Prompt
In the records below, find the line containing "East Mahé Buy" and the line containing "en el centro". Give again exactly those lines and every line between them, omitting the pictures.

··· Data supplied ···

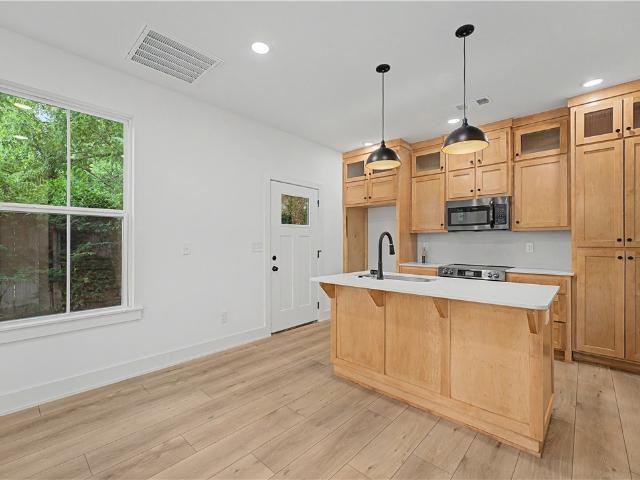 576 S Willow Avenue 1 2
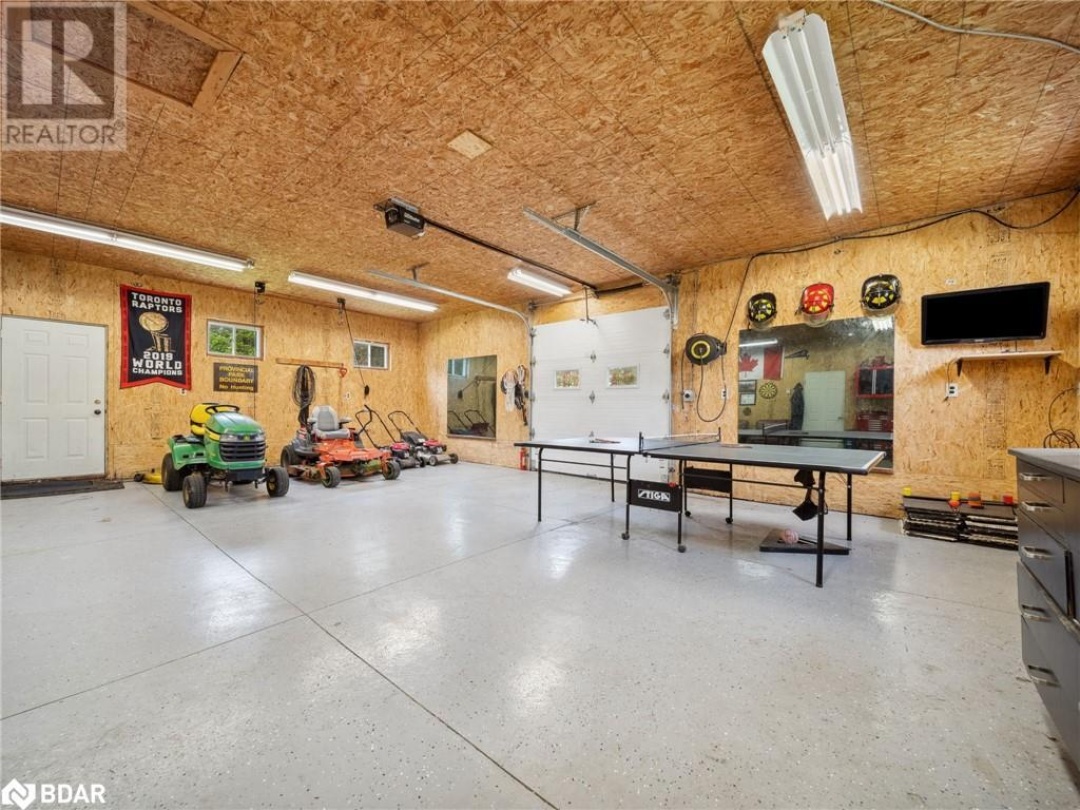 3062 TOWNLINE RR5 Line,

···
··· Data supplied ···

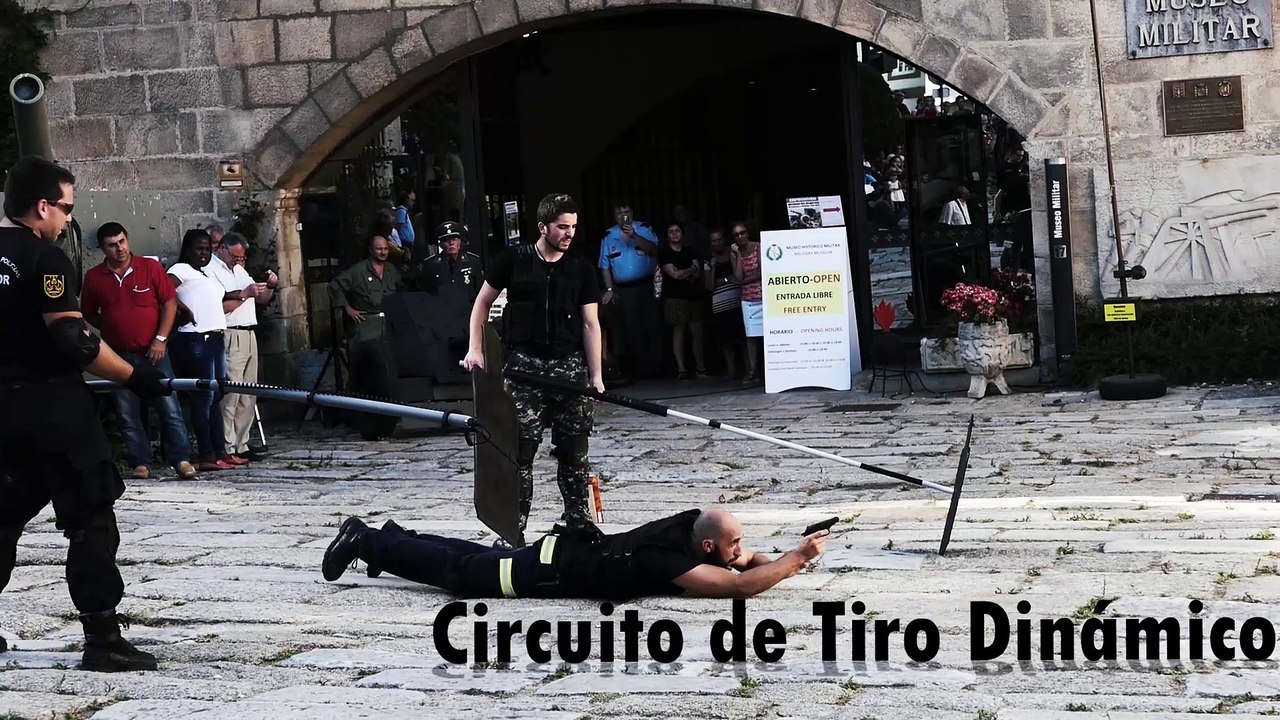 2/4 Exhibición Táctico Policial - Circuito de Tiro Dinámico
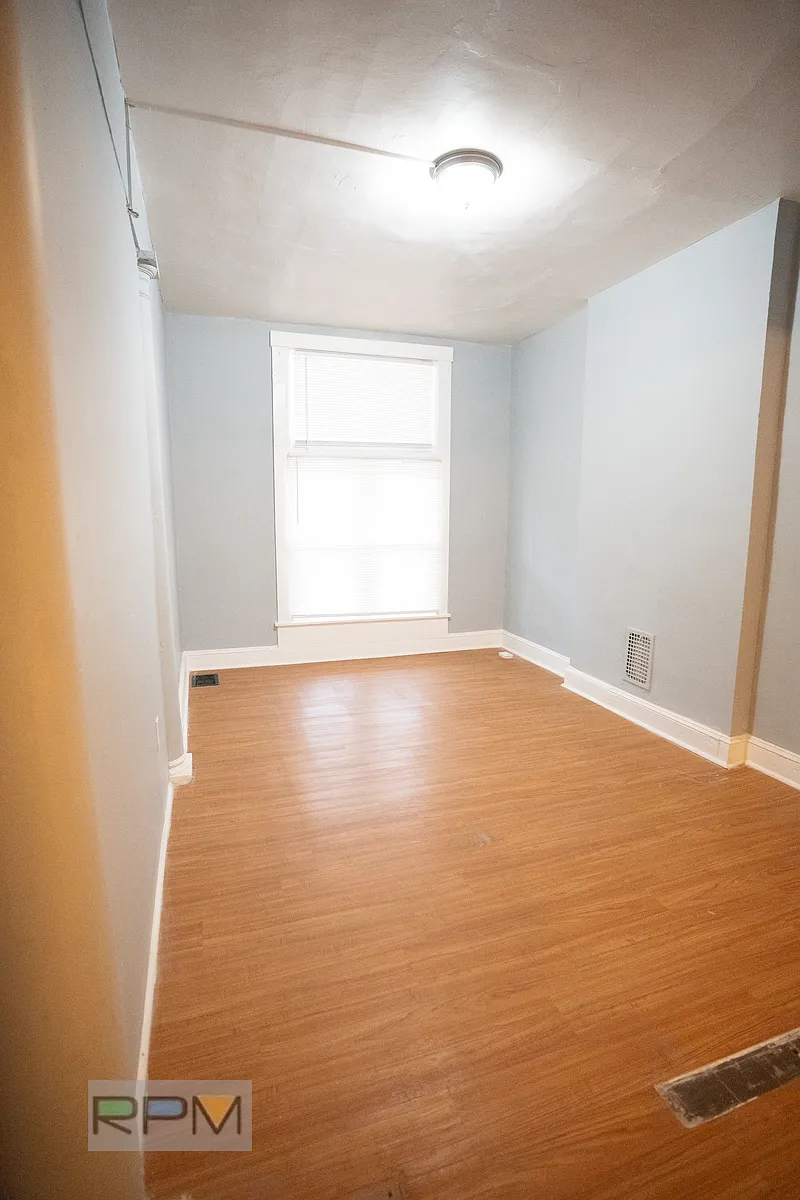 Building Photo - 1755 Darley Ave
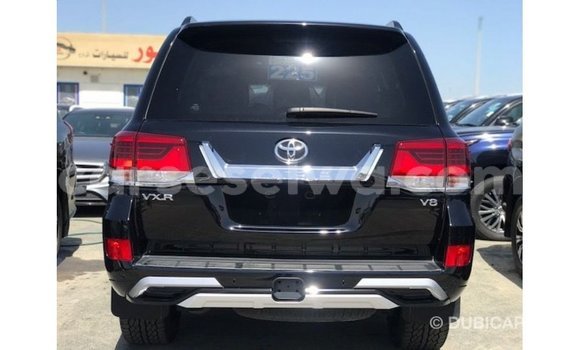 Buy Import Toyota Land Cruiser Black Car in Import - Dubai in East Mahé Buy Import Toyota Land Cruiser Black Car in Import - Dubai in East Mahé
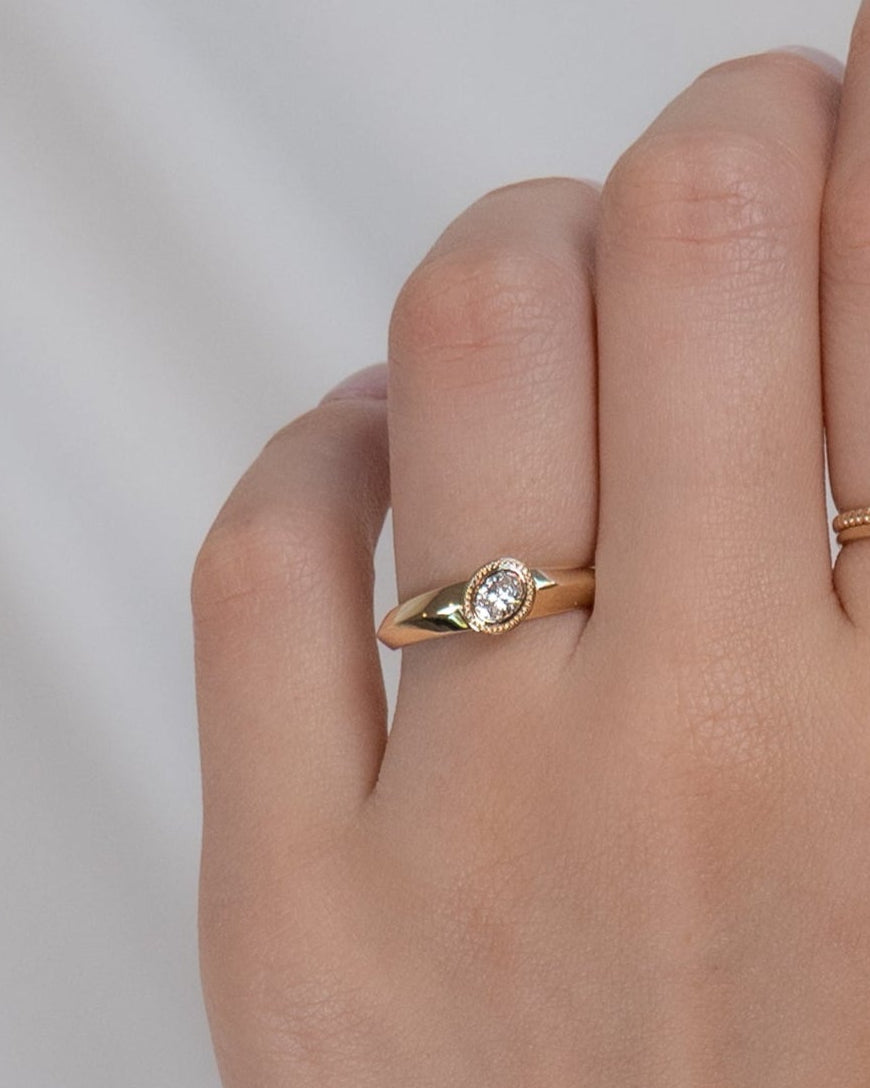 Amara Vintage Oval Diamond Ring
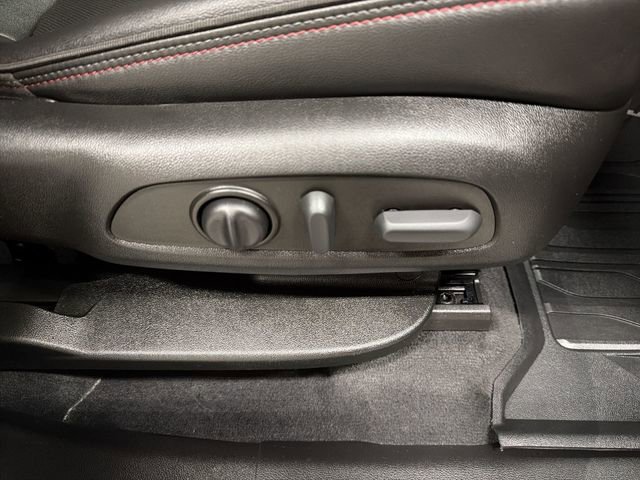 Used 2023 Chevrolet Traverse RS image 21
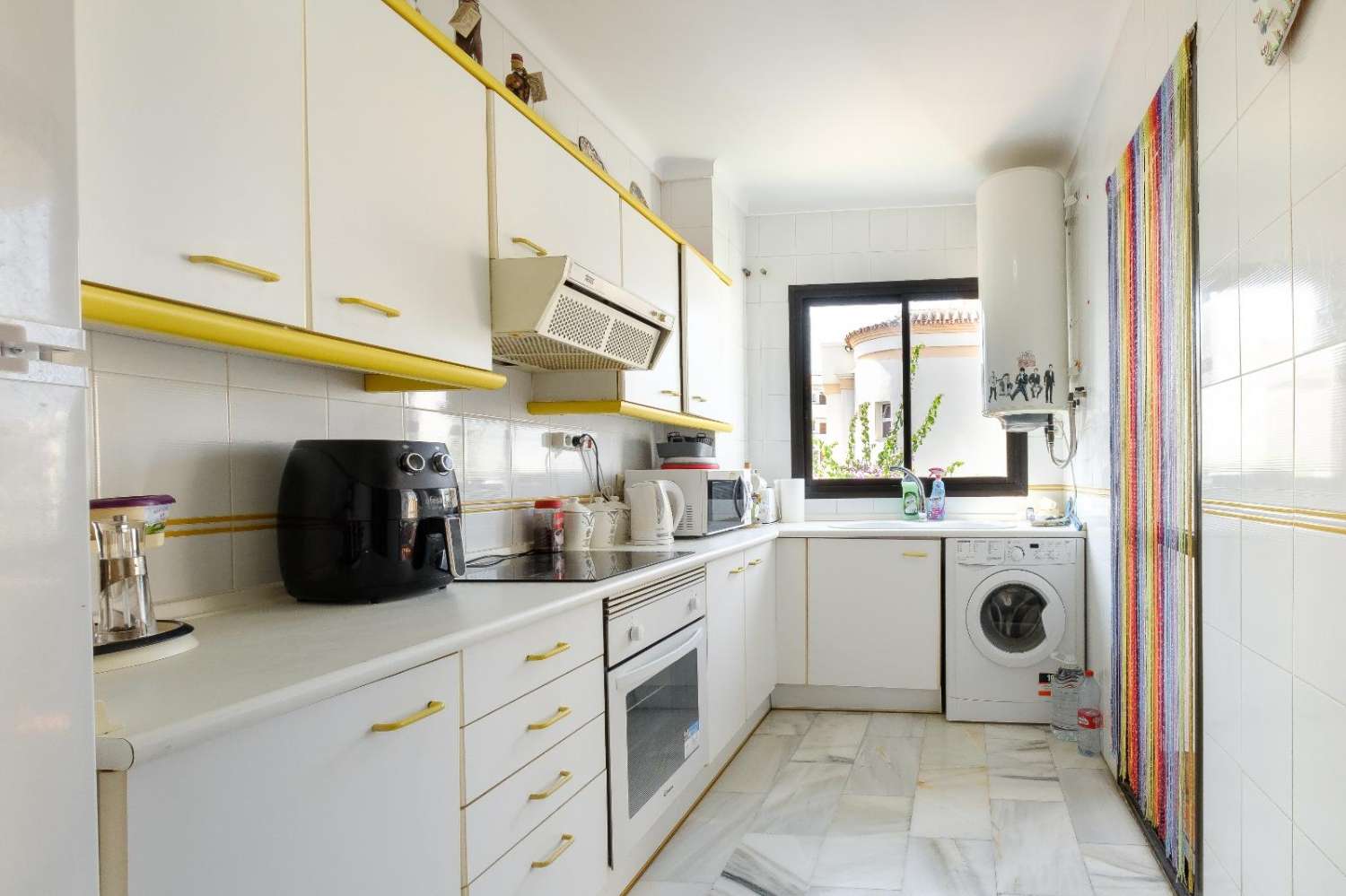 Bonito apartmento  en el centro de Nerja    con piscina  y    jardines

···
··· Data supplied ···

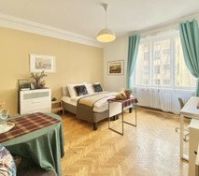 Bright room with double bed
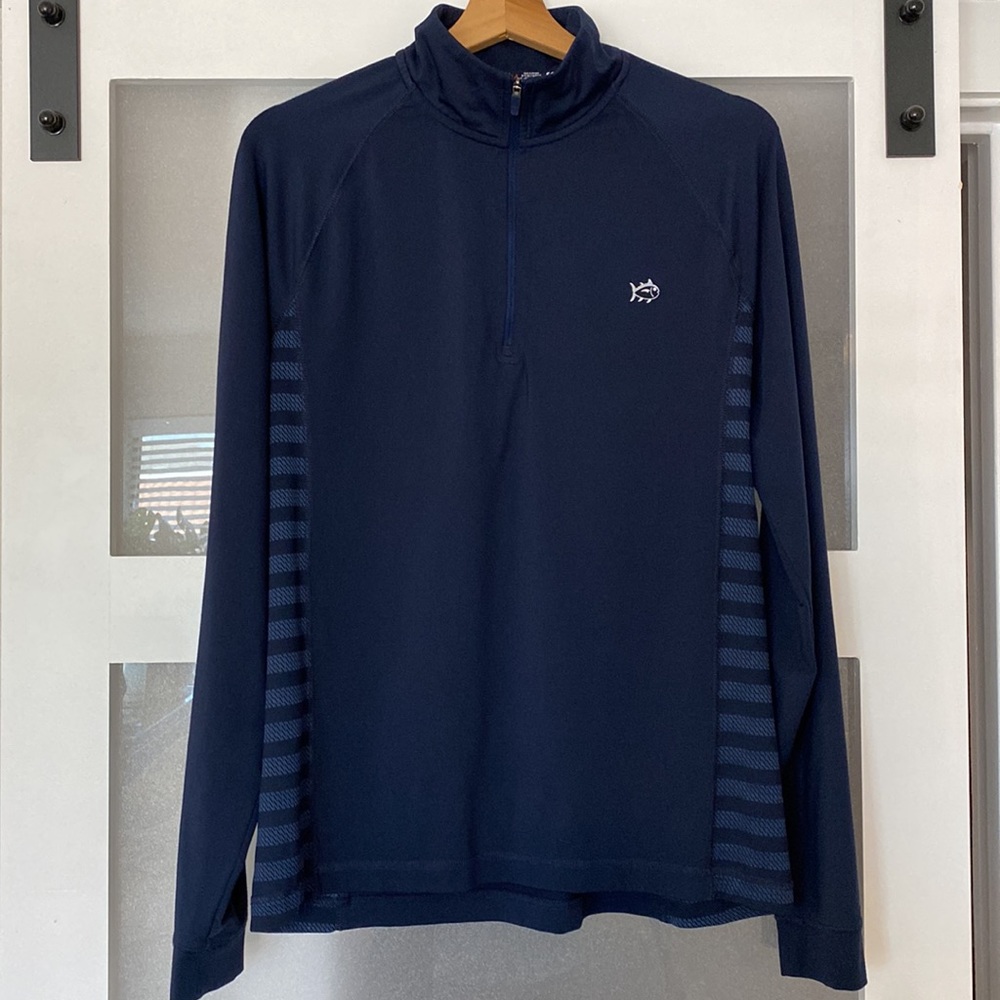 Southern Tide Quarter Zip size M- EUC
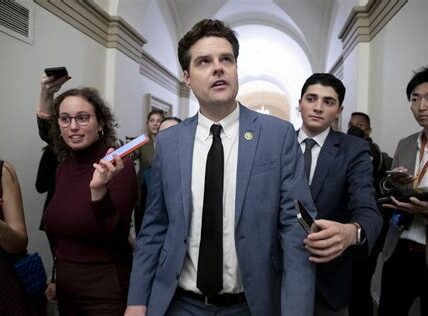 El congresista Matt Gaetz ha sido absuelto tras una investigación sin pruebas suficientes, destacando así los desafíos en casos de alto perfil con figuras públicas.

···

Result of the exercise
 Buy Import Toyota Land Cruiser Black Car in Import - Dubai in East Mahé Buy Import Toyota Land Cruiser Black Car in Import - Dubai in East Mahé
 Amara Vintage Oval Diamond Ring
 Used 2023 Chevrolet Traverse RS image 21
 Bonito apartmento  en el centro de Nerja    con piscina  y    jardines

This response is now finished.